(INPUT MATERIAL Opens)

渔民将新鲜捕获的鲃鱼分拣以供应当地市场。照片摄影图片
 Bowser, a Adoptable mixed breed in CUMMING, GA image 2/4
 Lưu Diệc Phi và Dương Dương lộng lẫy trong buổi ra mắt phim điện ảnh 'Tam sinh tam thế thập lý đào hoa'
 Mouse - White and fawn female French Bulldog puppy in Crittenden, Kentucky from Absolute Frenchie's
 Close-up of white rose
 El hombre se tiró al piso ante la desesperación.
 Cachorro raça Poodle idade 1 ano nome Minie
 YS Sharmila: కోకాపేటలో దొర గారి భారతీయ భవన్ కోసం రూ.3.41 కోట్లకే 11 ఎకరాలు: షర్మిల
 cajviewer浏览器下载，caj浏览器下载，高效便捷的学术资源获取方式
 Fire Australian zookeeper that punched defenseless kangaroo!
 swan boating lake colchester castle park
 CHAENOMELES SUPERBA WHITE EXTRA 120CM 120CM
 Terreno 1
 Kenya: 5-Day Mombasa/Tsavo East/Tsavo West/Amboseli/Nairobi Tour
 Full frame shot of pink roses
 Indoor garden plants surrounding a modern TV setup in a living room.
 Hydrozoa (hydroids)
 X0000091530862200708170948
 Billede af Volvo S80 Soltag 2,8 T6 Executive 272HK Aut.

(INPUT MATERIAL Closes)

Copy out every line from the one containing "Fire Australian zookeeper" to the end of the material, both ends included.

* SOLUTION *
 Fire Australian zookeeper that punched defenseless kangaroo!
 swan boating lake colchester castle park
 CHAENOMELES SUPERBA WHITE EXTRA 120CM 120CM
 Terreno 1
 Kenya: 5-Day Mombasa/Tsavo East/Tsavo West/Amboseli/Nairobi Tour
 Full frame shot of pink roses
 Indoor garden plants surrounding a modern TV setup in a living room.
 Hydrozoa (hydroids)
 X0000091530862200708170948
 Billede af Volvo S80 Soltag 2,8 T6 Executive 272HK Aut.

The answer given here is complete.